Historical time series data is central to market risk and FRTB use cases such as value-at-risk and expected shortfall. The yield curve is the most important risk factor in the trading book. This week’s note discusses the importance of the yield curve to market risk.
Market risk is the risk of losses due to adverse movements in market prices. FRTB requires that a bank set aside a capital amount commensurate with the size of its exposure to market risk. A risk factor is a traded financial instrument or a curve built from a group of instruments that the bank is exposed to. The price changes in multiple-instrument RFs are highly correlated. A yield curve is an example of a multiple-instrument RF. The instruments that are used to build it, e.g., deposits, futures, swaps are all exposed to changes in an underlying index (e.g., ESTR, SONIA, EFFR or LIBOR3M). Each instrument has exposure to a different maturity segment. The YC is the most important RF in a trading book. Valuations of OTCs in all risk classes require the multiplication of expected future cash flows by discount factors that are extracted from the YC.

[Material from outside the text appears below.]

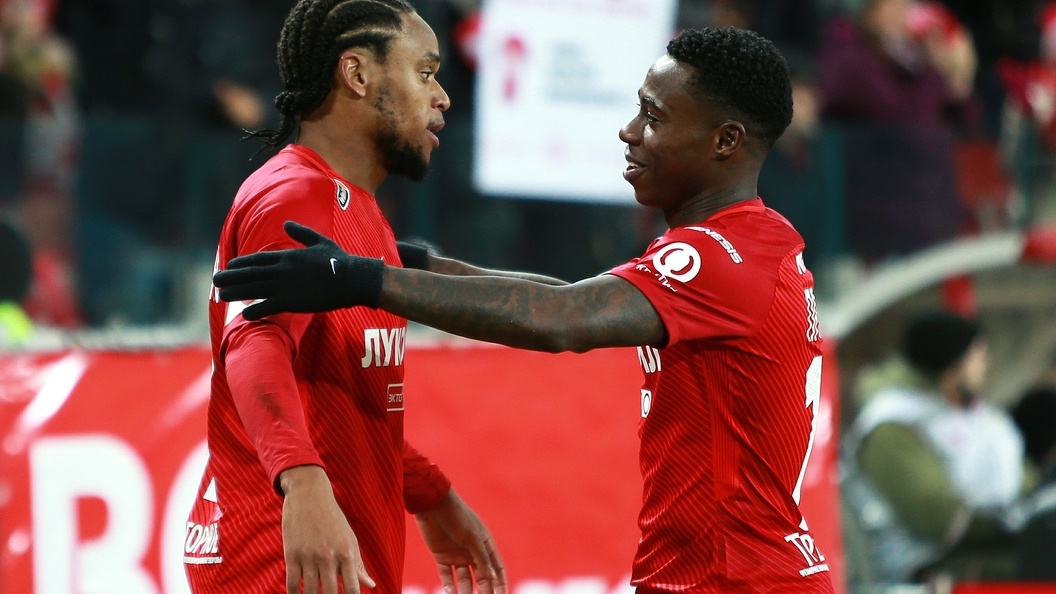 Промес (справа) и Луис Андриано. Фото из открытых источников сети Интернет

An RF is shocked to generate a theoretical $-loss that is used as market risk capital. Under FRTB IMA, the shock is calculated using actual historical or simulated historical changes in RFs. Under FRTB SA, the shock sizes are specified in the FRTB document. They are then applied to the bank’s exposures to those RFs, which are called risk sensitivities (RS). Three sensitivity types – delta, curvature and vega – exist across seven risk classes. The delta RS in the interest rate risk class is an exposure to changes in the YC.
There are two approaches for calculating RSs. Under the numerical approach they are generated by shocking the YC level or its volatility, and then re-running trade valuations. The resulting changes in valuations are the RSs associated with the YC. The second approach is analytical. Changes in e.g., a swaptions price over time can be modelled using partial differential equations (PDEs) that take the YC and its volatility as input. Delta, curvature and vega are the partial derivatives of PDEs and they can be calculated using formulas. RSs can be generated either by Market Risk systems directly or by trading desk systems and re-used by Market Risk.
More generally, trading desks typically use different models and market data than Market Risk. E.g., the desk might use a bootstrapping approach to build the YC because it re-prices its constituent instruments exactly. Versus the use of Nelson Siegel parameters by Market Risk because of the flexibility it offers for curve-building for different risk scenarios. In the area of volatility estimation, the Vasicek model might be used by traders because it can reproduce observed implied volatilities. Whereas Market Risk teams often use GARCH models to generate volatility in HistSim approaches.
In all cases, the P&L shocks generated by Market Risk need to be good approximations of the official P&L generated by the desk. The P&L Attribution test under IMA is designed to ensure that Market Risk approximations of historical P&Ls are sufficiently close to trading desk actual historical P&Ls.